TASK BRIEF:
From the line containing "VCARO51X00 Van Cleef & Arpels Flora" down to the line containing "THE NORTH FACE GORE-TEX Jacke" in the records below, reproduce every line exactly, ends included, and omit all others.

DATA FOR THE TASK:
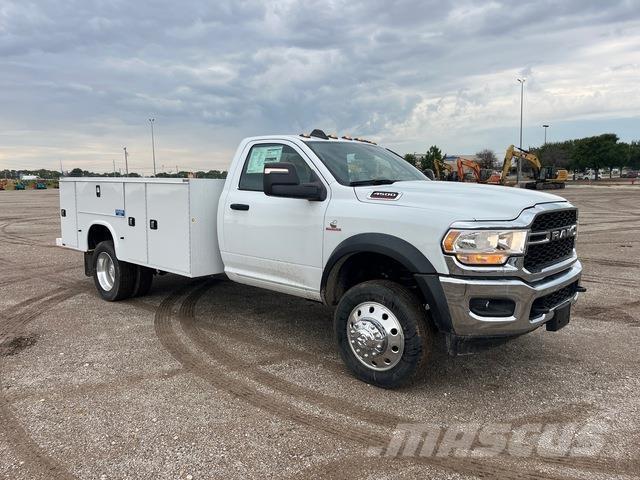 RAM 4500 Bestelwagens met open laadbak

---

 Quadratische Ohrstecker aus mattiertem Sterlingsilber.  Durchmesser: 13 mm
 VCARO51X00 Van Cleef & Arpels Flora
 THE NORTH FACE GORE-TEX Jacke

EXERCISE RESPONSE:
 VCARO51X00 Van Cleef & Arpels Flora
 THE NORTH FACE GORE-TEX Jacke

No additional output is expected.